The expected output is an exact copy of each line from the line with "2015 Bentley Continental GT V8 S" through the end of the data below, with no pictures in it.

## Dataset excerpt
━━━━━━━━━━━━━━━━━━━━

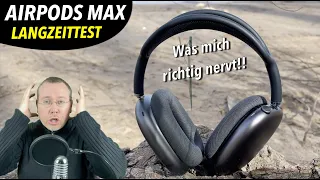 AirPods Max Langzeittest: Diese Sache nervt mich doch ziemlich!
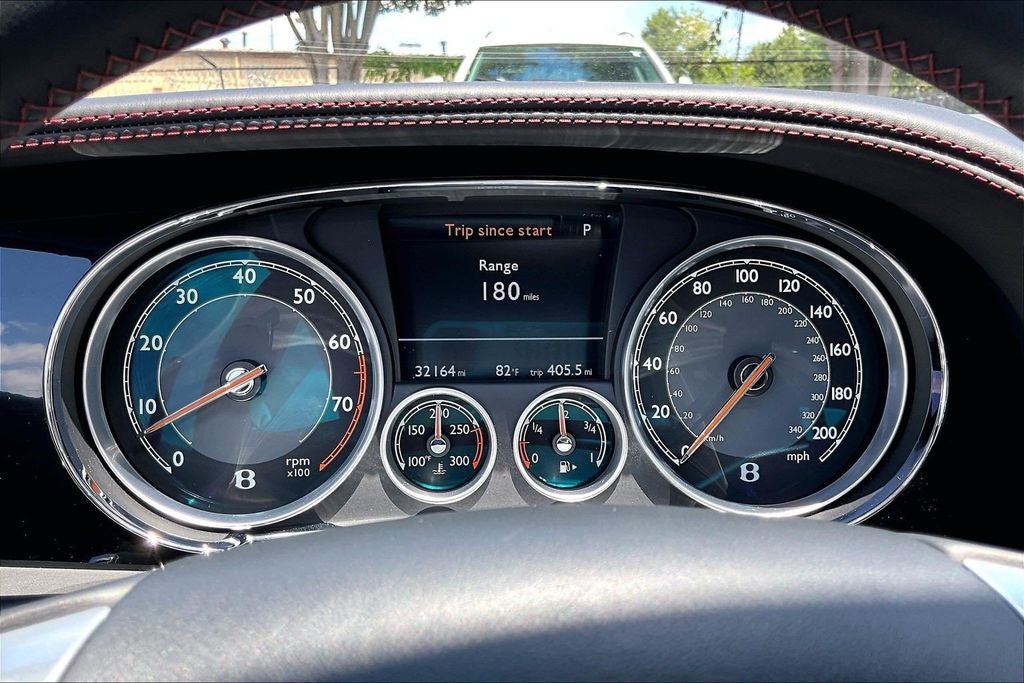 2015 Bentley Continental GT V8 S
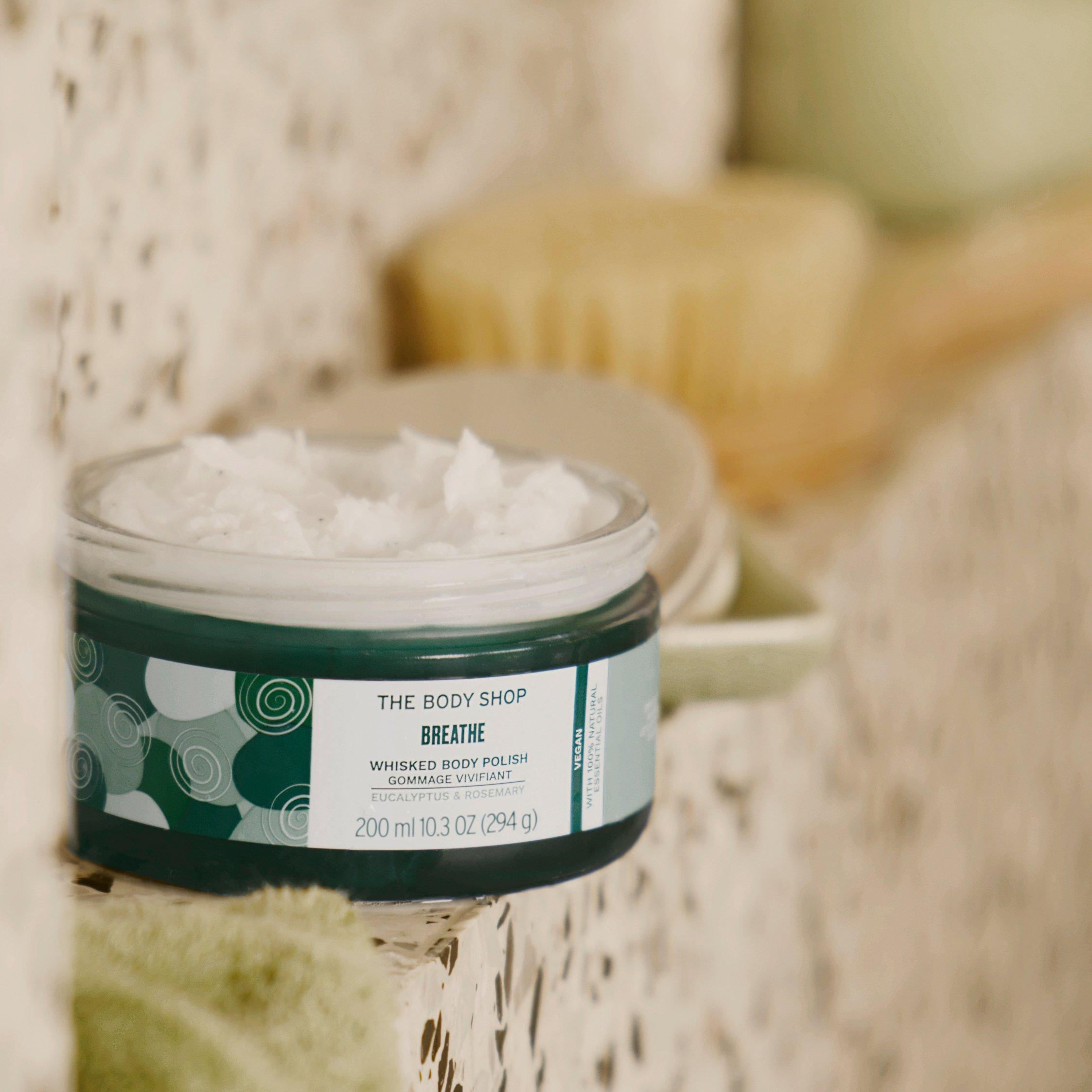 Breathe Wellness The Body Shop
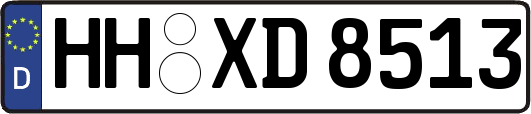 HH-XD8513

━━━━━━━━━━━━━━━━━━━━

## Expected answer
 2015 Bentley Continental GT V8 S
 Breathe Wellness The Body Shop
 HH-XD8513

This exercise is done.